**EXERCISE GOAL**
In your copy, leave out the pictures and repeat the entries below exactly.

---+---

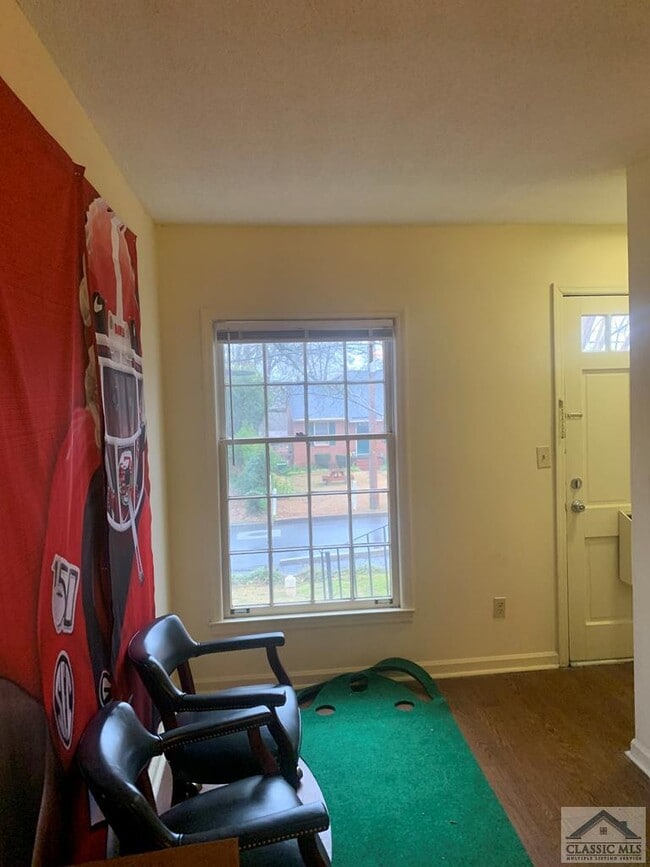 Building Photo - 350 S Pope St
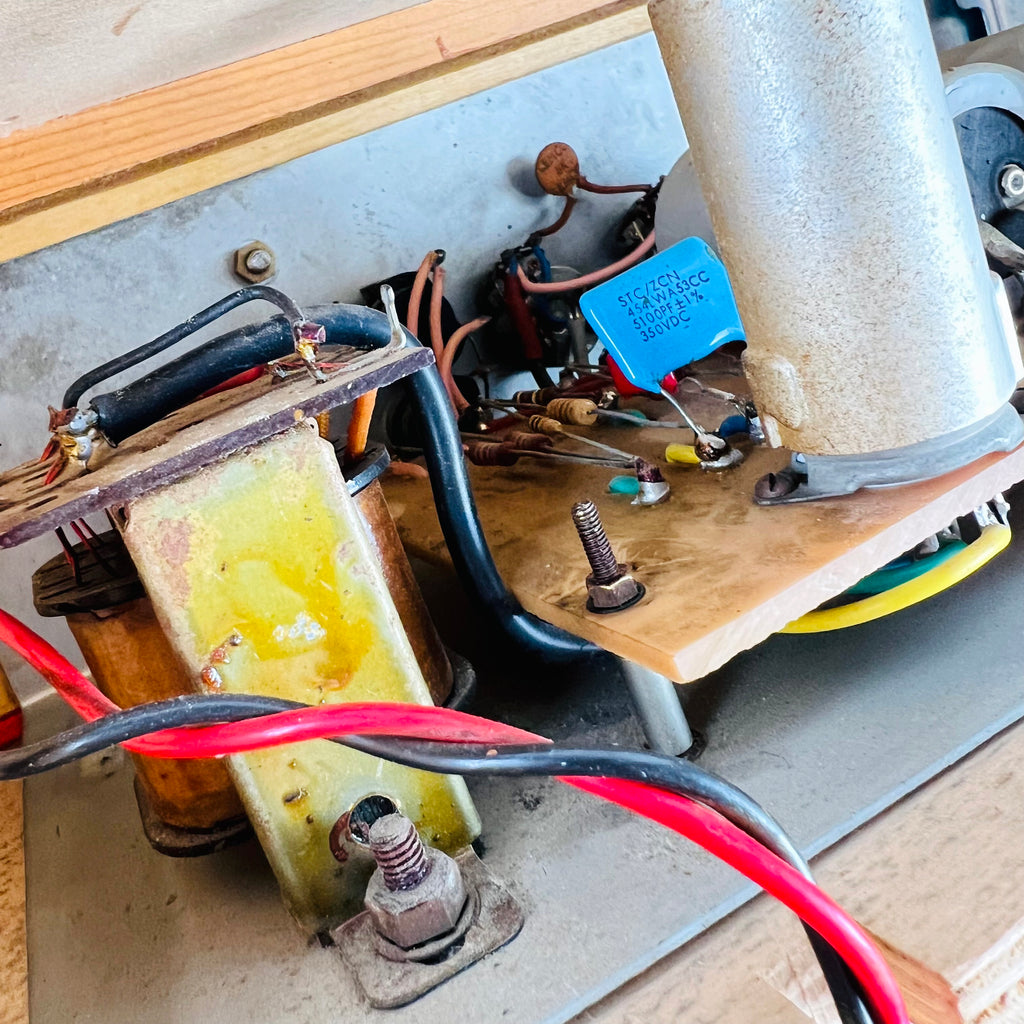 Marshall Capri 1x10" Combo Amplifier 1966 - Red - 13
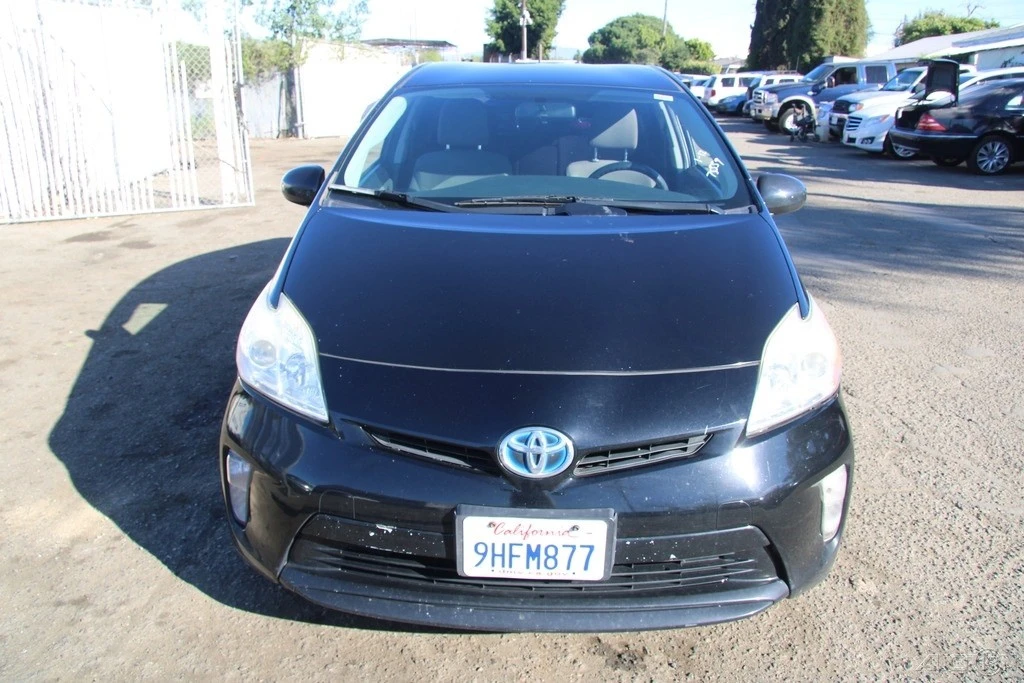 2015 Toyota Prius 3rd Gen - Image 9 of 21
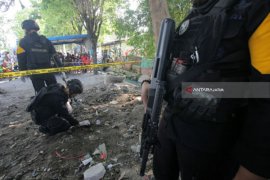Gegana Jatim Amankan Granat Diduga Peninggalan Belanda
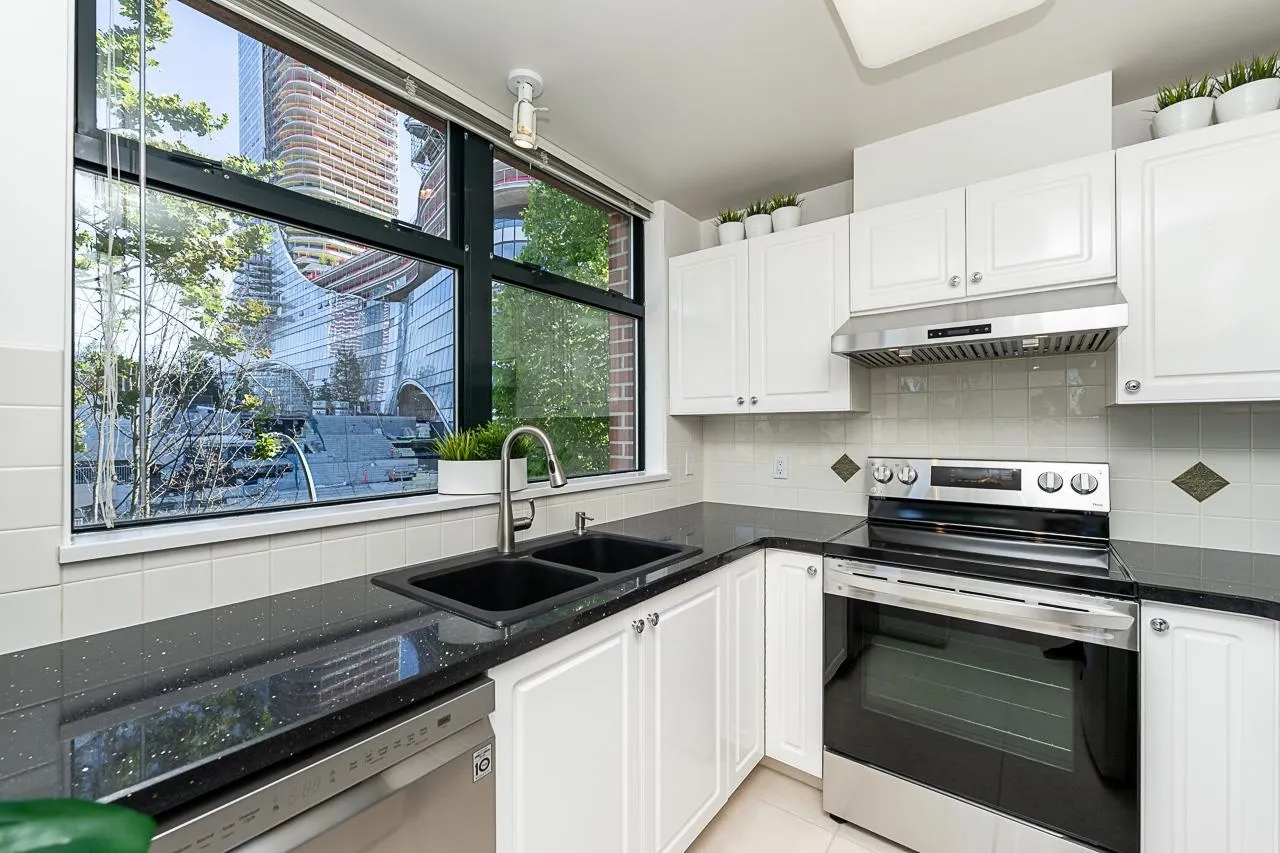 588 W 45th Avenue #307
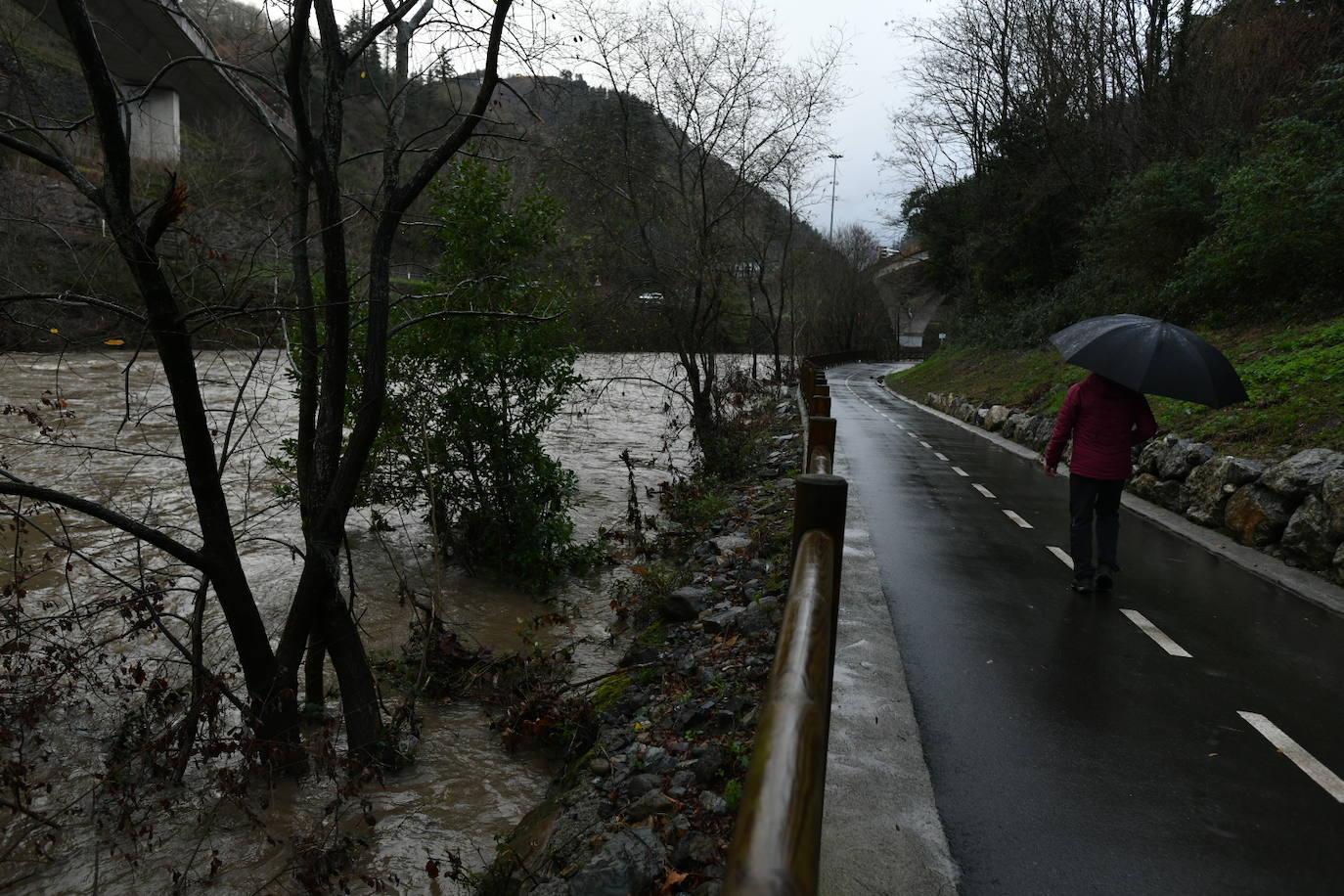 El río se desborda en el bidegorri que une Eibar y Elgoibar. 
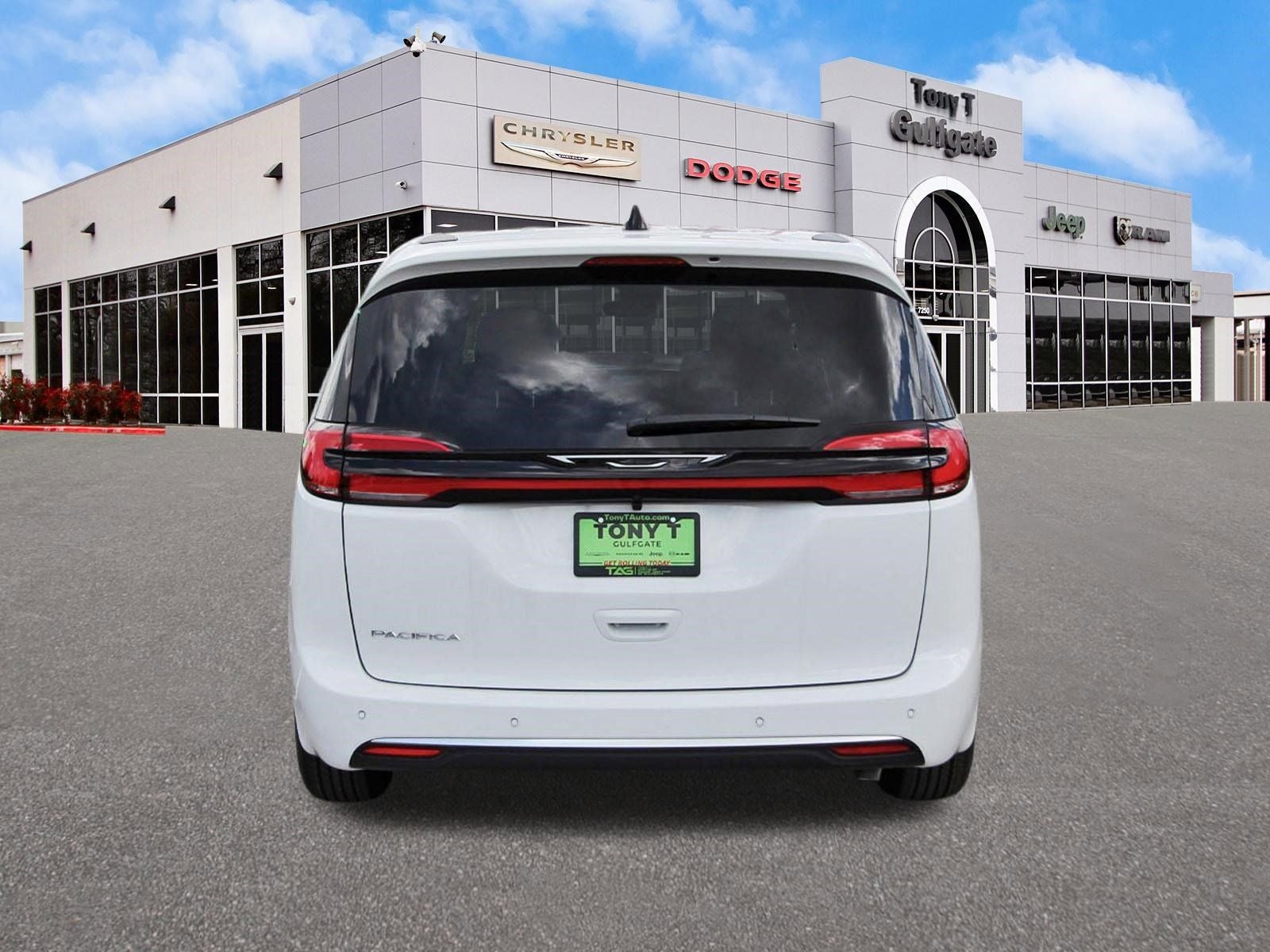 2027 Chrysler Pacifica Select FWD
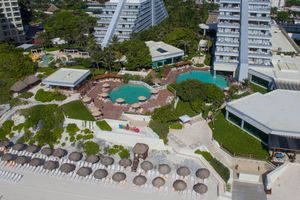 Cancun Jr Suite en resort vista al mar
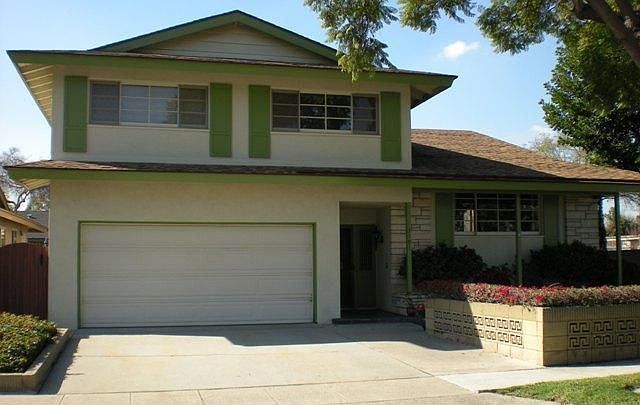 1st image of 3191 Armourdale Ave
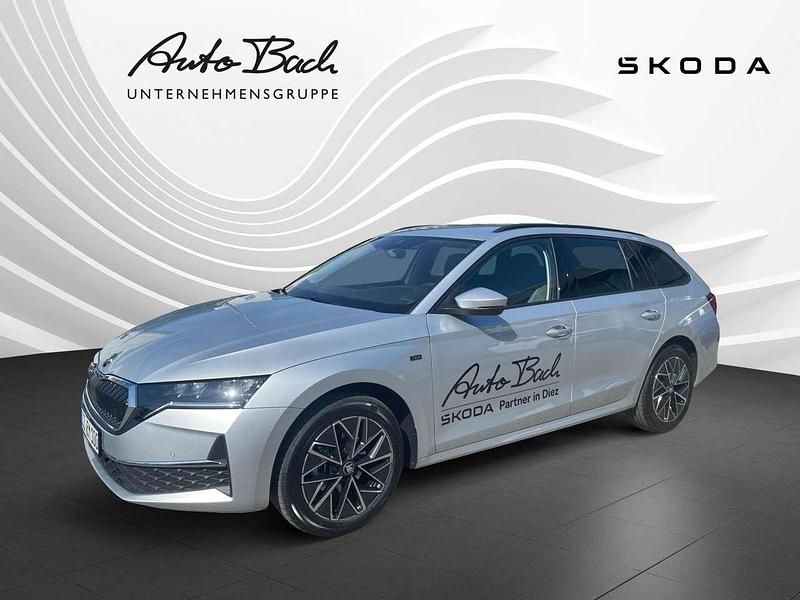 Silber Gebraucht 2025 Skoda Octavia Tour Kombi | 36.990 € (Etwas zu teuer) - Bild 1/3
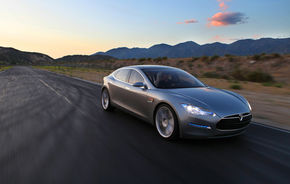 Tesla Model S va fi disponibil din 2012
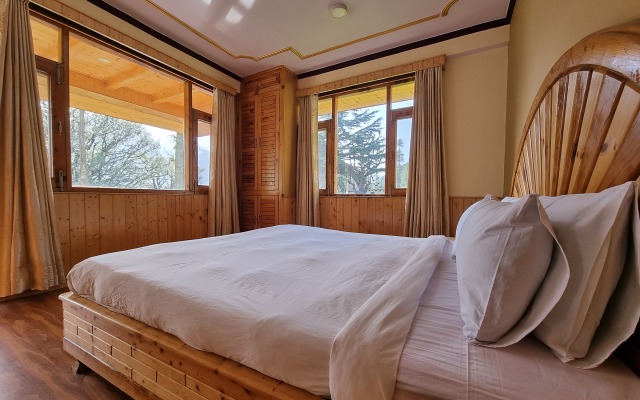 Snow Peak Homes Manali Hotel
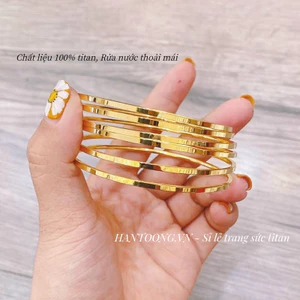 Vòng tay titan nữ không gỉ mạ vàng 18k thiết kế bản trơn đơn giản phong cách thời trang tao nhã tinh tế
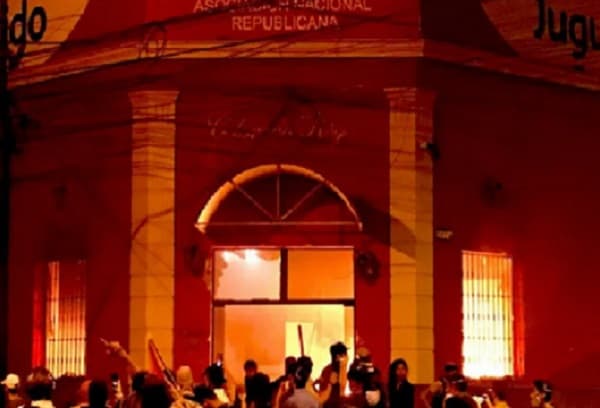 Juez eleva a juicio oral el caso de la quema de Colorado Róga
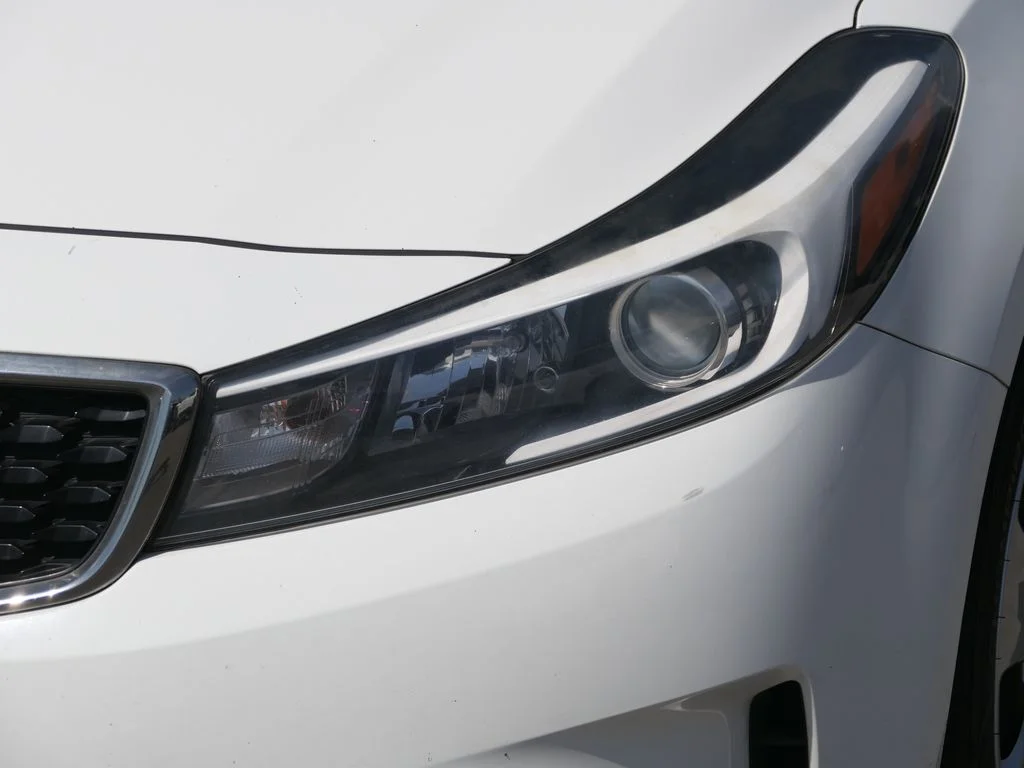 Used 2017 White Kia LX image 7
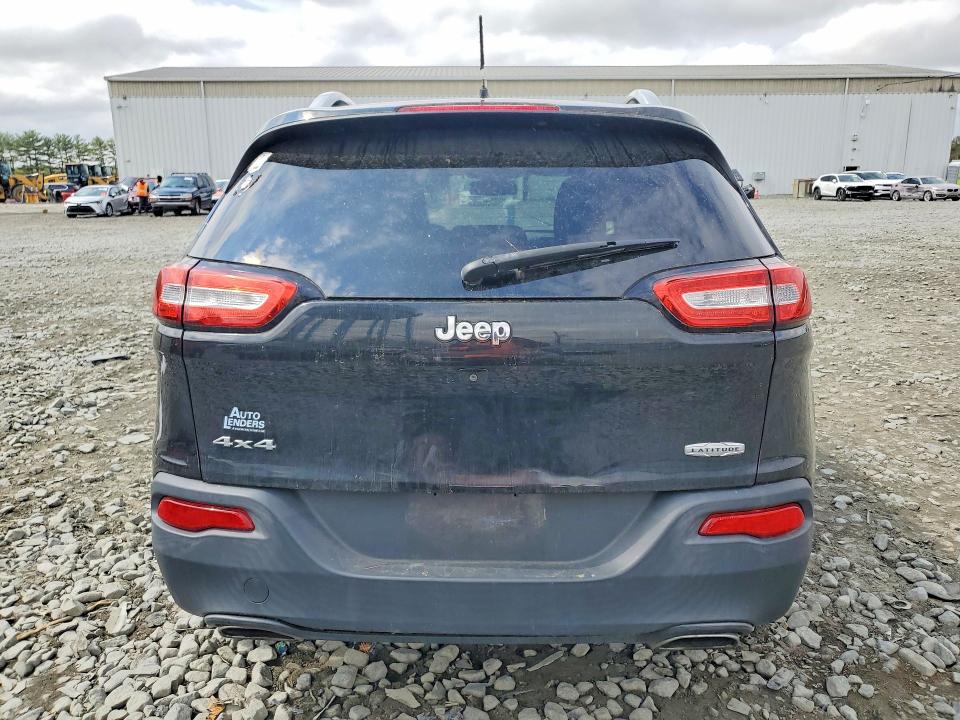 50633006 :رقم المزاد ، 1C4PJMCSXFW758594 vin ، 2015 Jeep Cherokee مزاد بيع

---+---

**EXERCISE RESULT**
 Building Photo - 350 S Pope St
 Marshall Capri 1x10" Combo Amplifier 1966 - Red - 13
 2015 Toyota Prius 3rd Gen - Image 9 of 21
Gegana Jatim Amankan Granat Diduga Peninggalan Belanda
 588 W 45th Avenue #307
 El río se desborda en el bidegorri que une Eibar y Elgoibar. 
 2027 Chrysler Pacifica Select FWD
 Cancun Jr Suite en resort vista al mar
 1st image of 3191 Armourdale Ave
 Silber Gebraucht 2025 Skoda Octavia Tour Kombi | 36.990 € (Etwas zu teuer) - Bild 1/3
 Tesla Model S va fi disponibil din 2012
 Snow Peak Homes Manali Hotel
 Vòng tay titan nữ không gỉ mạ vàng 18k thiết kế bản trơn đơn giản phong cách thời trang tao nhã tinh tế
 Juez eleva a juicio oral el caso de la quema de Colorado Róga
 Used 2017 White Kia LX image 7
 50633006 :رقم المزاد ، 1C4PJMCSXFW758594 vin ، 2015 Jeep Cherokee مزاد بيع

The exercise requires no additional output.